SEATTLE — Rain never looked so good.
As November broke official records for the wettest month ever recorded here, residents across the region found themselves in the somewhat bizarre position of being thrilled by a warm rain Thursday -- if only because it helped wash away the snow, slush, ice and frozen muck of recent days that had closed schools and turned commuting into slow-motion torture.
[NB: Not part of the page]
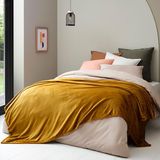 Toison d'or Fluwelen deken, microfluweel, polyester, effen, 180 cm x 240 cm, honing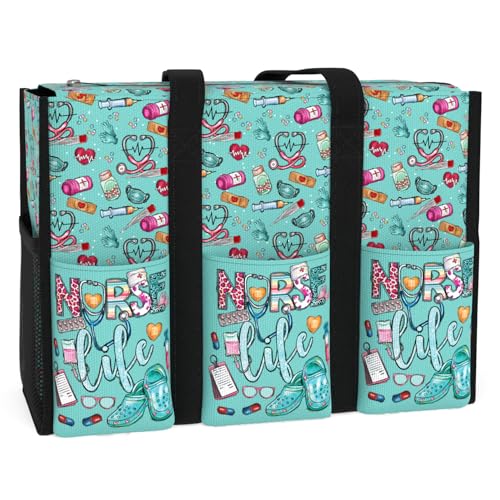 Image of 84hoods Multi-Pocket Tote Bag for Women. Waterproof Bag with Multiple Convenient Pockets and Zipper. Gift for Nurses.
The National Weather Service confirmed before the day ended Thursday that with 15.63 inches, there had been more precipitation in Seattle this November than in any month in the 115 years that federal records have been kept. Freezing rain mixed with snow late Wednesday broke the previous record, set in 1933 with 15.26 inches, said Johnny Burg, a weather service forecaster here. Seattle's November average is 5.9 inches.
With temperatures warming Thursday, though, the arctic-like damage was quickly becoming a memory, and for many not a good one.
"After Monday night -- 4 a.m. Tuesday, actually -- I'll take the rain any time," said David Donaldsen, one of thousands of football fans whom authorities said took as long as 8 hours to get home when traffic turned to an icy standstill after a sold-out NFL game.
"It looks like Green Bay, but this is Seattle," ESPN announcer Mike Tirico said as snow and sleet blanketed Qwest Field. Actually, Green Bay was 7 degrees warmer. (The Seahawks beat the Packers.)
Most precipitation in Seattle comes as rain, not snow, even in the dead of winter -- and sustained freezing temperatures are rare.
And the truth is, for all the talk about how soggy Seattle is, in some ways it is not.
"Seattle's really not a particularly wet city compared to a lot of other places," said Christopher C. Burt, co-author of "Extreme Weather: A Guide and Record Book."
"People have a hard time believing it, but it's true," he said.
Atlanta, Boston, New York, Washington, D.C., and plenty of other U.S. cities get more average annual rainfall than Seattle does, said Burt, citing National Weather Service statistics.
"Although Seattle gets a lot of rainy days," he said, "the rainfalls generally aren't intense at all, so it doesn't add up to all that much."
And, striking as the new monthly precipitation record may be to Seattleites, it doesn't come close to the monthly record in Los Angeles, which recorded 20.51 inches in February 1998 at a UCLA measuring site.